Pristine montmorillonite (Mont) was used as raw materials to prepare hydroxyl-Fe-pillared Mont, hydroxyl-Al-pillared Mont, and hydroxyl-Fe-Al-pillared Mont composites. By varying the OH/Fe and Fe/Al molar ratios during the preparation of the pillared Mont, the adsorption capacity of zearalenone (ZEA) and the kinetics were elucidated. The characterization of X-ray diffraction (XRD) and Fourier transform infrared (FT-IR) spectroscopy reveals the adsorption mechanism of pristine and modified Mont. The results indicated that the ZEA adsorption capacity is Mont (0.05 mg/g) << 1.5OH/Fe-Mont (0.28 mg/g) << OH/Al-Mont (0.51 mg/g) < 0.5Fe/Al-Mont (0.56 mg/g) in the condition of pH = 8 and 37°C, in which both 0.5Fe/Al-Mont and OH/Al-Mont reached maximum adsorption capacity and 1.5OH/Fe-Mont attained 5 times the capacity of Mont. Adsorption isotherm studies revealed that Freundlich adsorption isotherms best represented the experimental data.
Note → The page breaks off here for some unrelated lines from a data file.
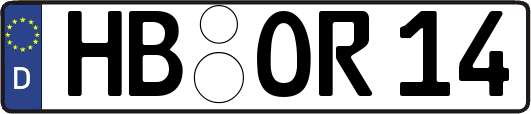 HB-OR14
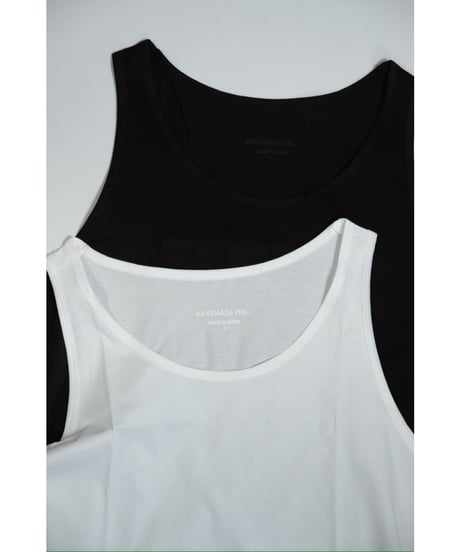 KANEMASA PHIL. 46G Cotton Thin Pack Tank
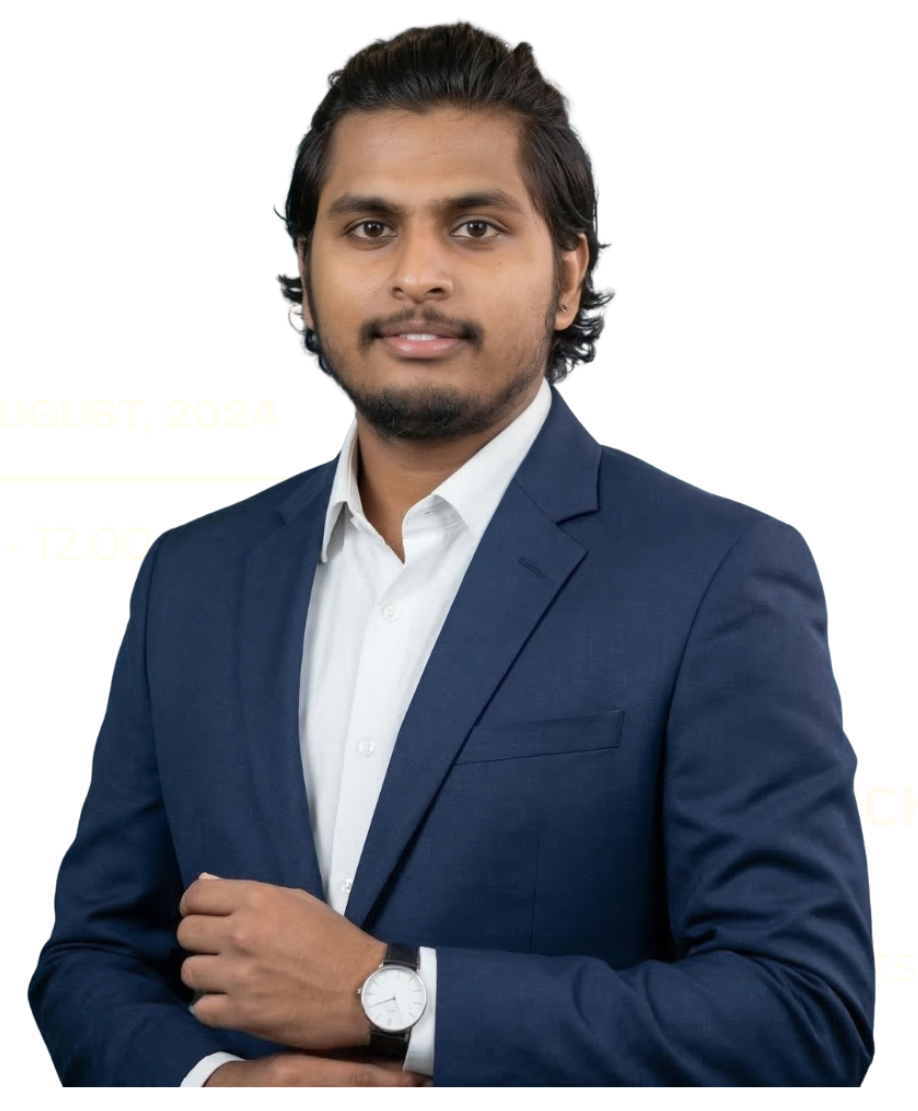 LG Karthik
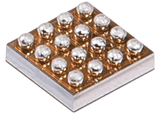 Replacement Backlight Driver Booster IC Compatible with Apple iPhone SE (2016) / 6S / 6S Plus (U4020 U4050: 3539-A0: 16 Pins)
The kinetic data for ZEA adsorption revealed that the Mont adsorption capacity for ZEA equilibrates in 1 hour and is best described using the pseudo-second-order rate equation. The XRD analysis indicated that the amplification of Fe-dominant pillared Mont interlayer spacing is the main reason for the observed increases in the adsorption capacity of ZEA, while Al-dominant pillared Mont has a relatively stable Keggin structure; therefore, interlayer spacing is not the primary mechanism for changes in the adsorption capacity of both OH/Al-Mont and Al-dominant pillared Mont. An FT-IR analysis demonstrated that cationic exchange was the dominant mechanism that allowed ZEA and hydroxyl-Al ions to enter the Mont interlayers, while this cationic exchange mechanism was not the dominant mechanism used by hydroxyl-Fe entering the Mont layers.